For code considered annotated by NullAway, the tool assumes that the absence of a @Nullable annotation means the type is non-null. However, there are a number of features of NullAway, such as it's optional support for acknowledging restrictive annotations in third-party jars, which involve checking for explicit @NonNull annotations. For this purpose, NullAway treats any annotation whose simple (un-qualified) name is @NonNull, @Nonnull, or @NotNull, as denoting an explicitly non-null type.

There is also optional support for treating Android's @RecentlyNullable and @RecentlyNonNull as @Nullable and @NonNull annotations, respectively.

Finally, while we strongly recommend the use of standard nullability annotations (such as org.jspecify.nullness.Nullable or javax.annotation.Nullable) for broader tool compatibility, NullAway supports configuring additional custom nullness annotations.

Initialization

Any annotation whose simple (un-qualified) name is @Initializer is treated as marking a method as an initializer (see here for more information on initialization checking).
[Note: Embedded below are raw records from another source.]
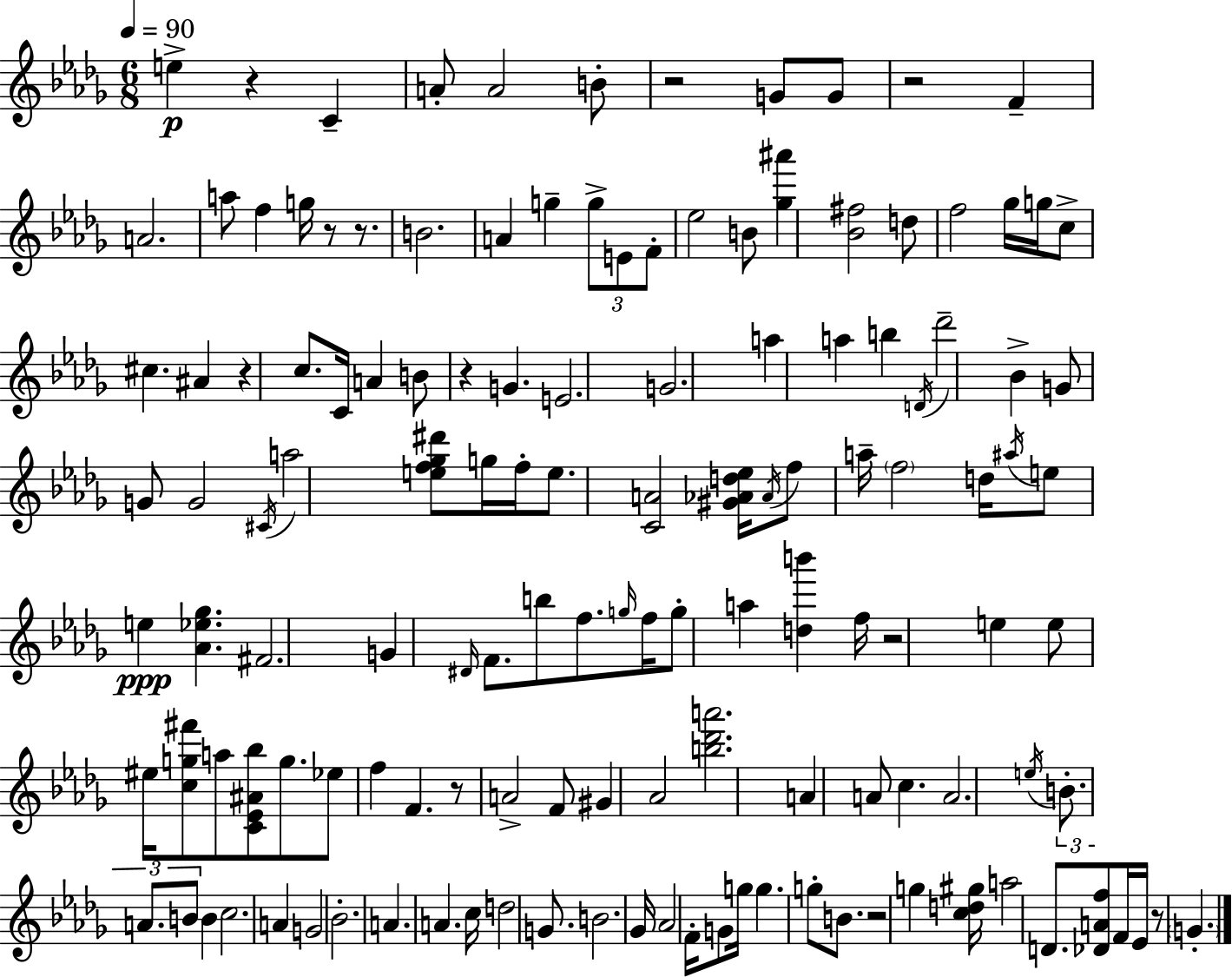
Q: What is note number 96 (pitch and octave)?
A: D5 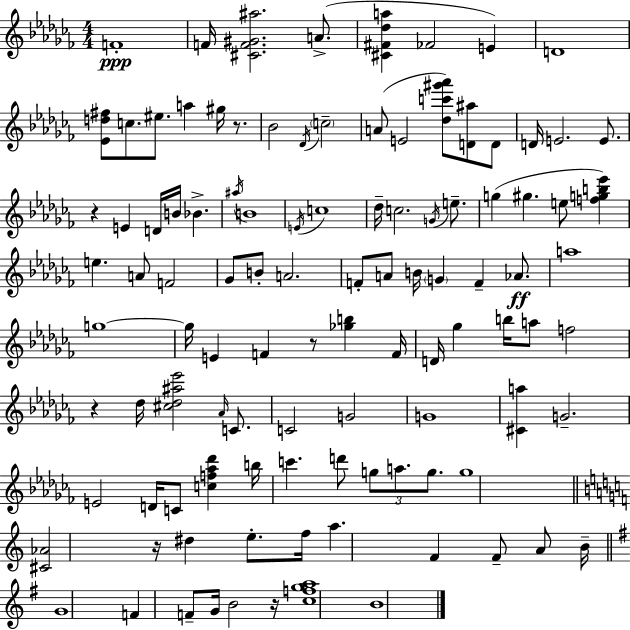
{
  \clef treble
  \numericTimeSignature
  \time 4/4
  \key aes \minor
  \repeat volta 2 { f'1-.\ppp | f'16 <cis' f' gis' ais''>2. a'8.->( | <cis' fis' des'' a''>4 fes'2 e'4) | d'1 | \break <ees' d'' fis''>8 c''8. eis''8. a''4 gis''16 r8. | bes'2 \acciaccatura { des'16 } \parenthesize c''2-- | a'8( e'2 <des'' c''' gis''' aes'''>8) <d' ais''>8 d'8 | d'16 e'2. e'8. | \break r4 e'4 d'16 b'16 bes'4.-> | \acciaccatura { ais''16 } b'1 | \acciaccatura { e'16 } c''1 | des''16-- c''2. | \break \acciaccatura { g'16 } e''8.-- g''4( gis''4. e''8 | <f'' g'' b'' ees'''>4) e''4. a'8 f'2 | ges'8 b'8-. a'2. | f'8-. a'8 b'16 \parenthesize g'4 f'4-- | \break aes'8.\ff a''1 | g''1~~ | g''16 e'4 f'4 r8 <ges'' b''>4 | f'16 d'16 ges''4 b''16 a''8 f''2 | \break r4 des''16 <cis'' des'' ais'' ees'''>2 | \grace { aes'16 } c'8. c'2 g'2 | g'1 | <cis' a''>4 g'2.-- | \break e'2 d'16 c'8 | <c'' f'' aes'' des'''>4 b''16 c'''4. d'''8 \tuplet 3/2 { g''8 a''8. | g''8. } g''1 | \bar "||" \break \key c \major <cis' aes'>2 r16 dis''4 e''8.-. | f''16 a''4. f'4 f'8-- a'8 b'16-- | \bar "||" \break \key e \minor g'1 | f'4 f'8-- g'16 b'2 r16 | <c'' f'' g'' a''>1 | b'1 | \break } \bar "|."
} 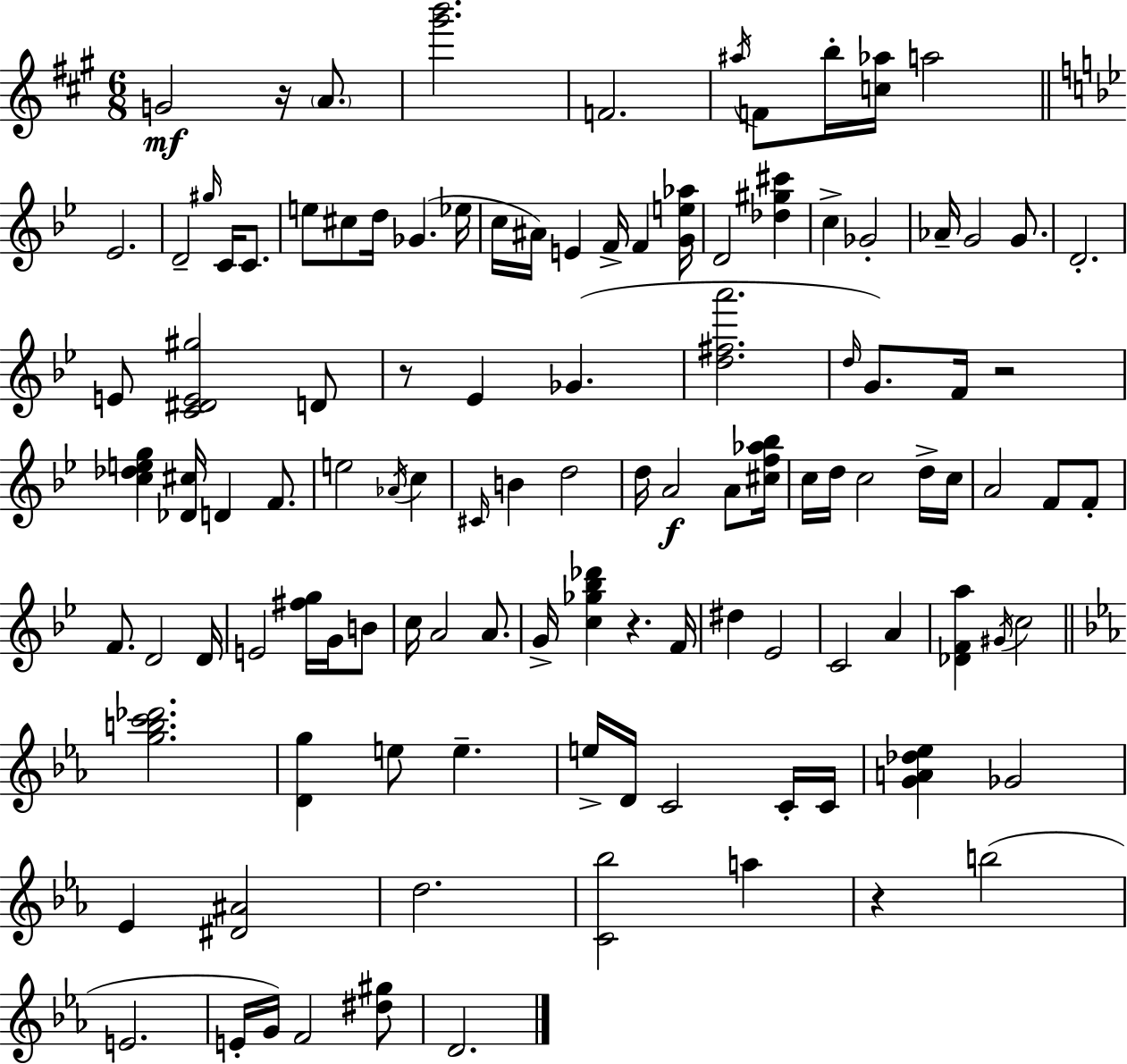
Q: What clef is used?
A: treble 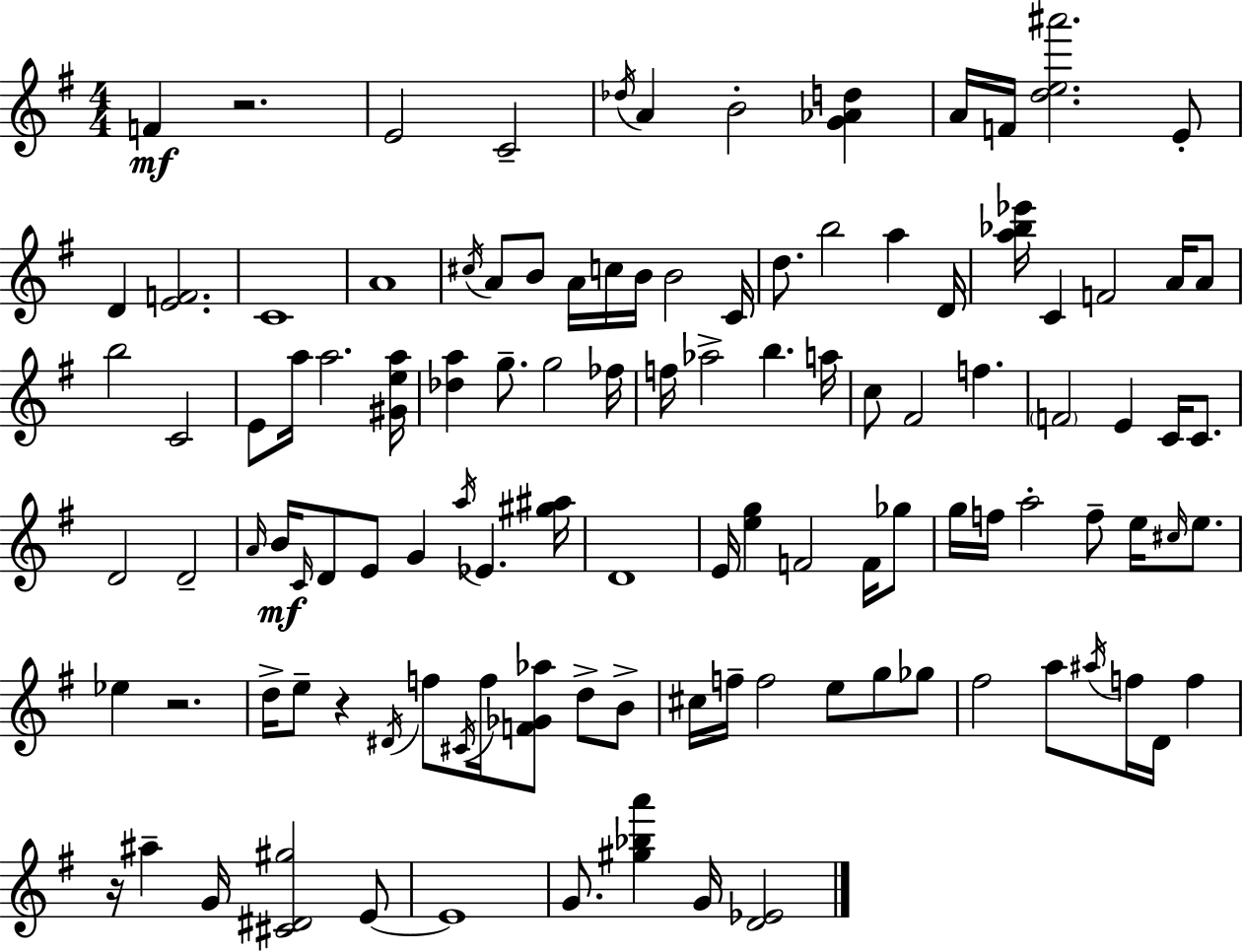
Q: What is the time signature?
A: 4/4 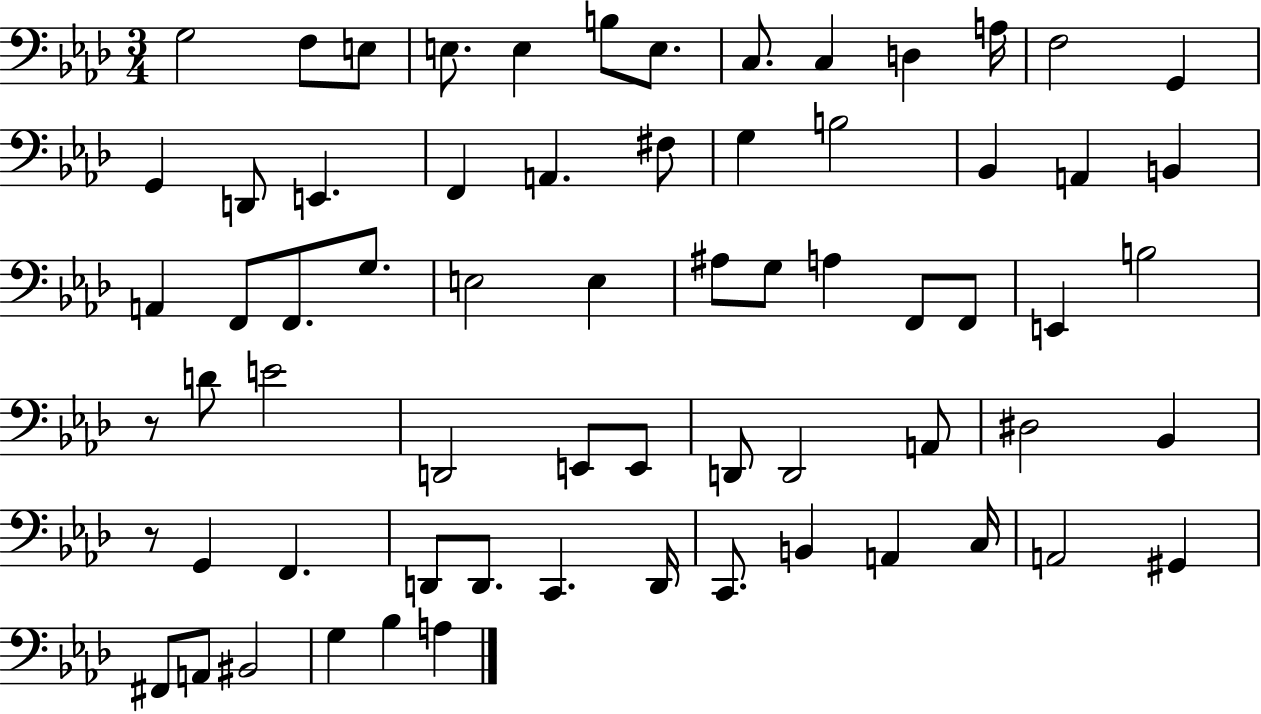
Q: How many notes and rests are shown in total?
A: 67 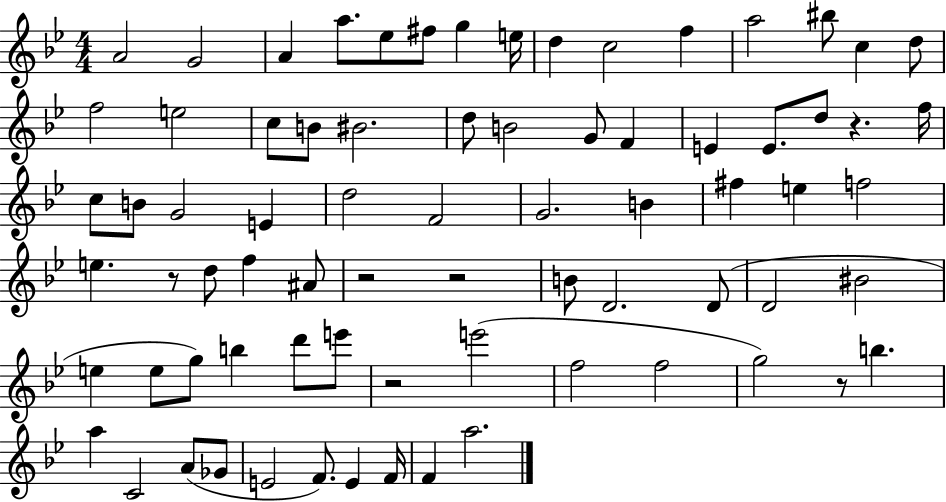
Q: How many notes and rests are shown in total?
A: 75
We also support JUnit's @Before and @BeforeClass for marking initializers.

Contracts

NullAway has partial support for JetBrains @Contract annotations. Some examples:

public class NullnessChecker {

  @Contract("_, null -> true")
  static boolean isNull(boolean flag, @Nullable Object o) { return o == null; }

  @Contract("null -> false")
  static boolean isNonNull(@Nullable Object o) { return o != null; }

  @Contract("null -> fail")
  static void assertNonNull(@Nullable Object o) { if (o == null) throw new Error(); }

  @Contract("!null -> !null")
  static @Nullable Object id(@Nullable Object o) { return o; }
}

For now, the @Contract annotations are trusted, not checked. NullAway will warn if it sees a call to a method with a @Contract annotation it recognizes as invalid.

Not all possible clauses of @Contract annotations are fully parsed or supported by NullAway (e.g. @Contract("null, false -> fail; !null, true -> fail") will be ignored, since NullAway cannot generally reason about the runtime truth value of the second argument).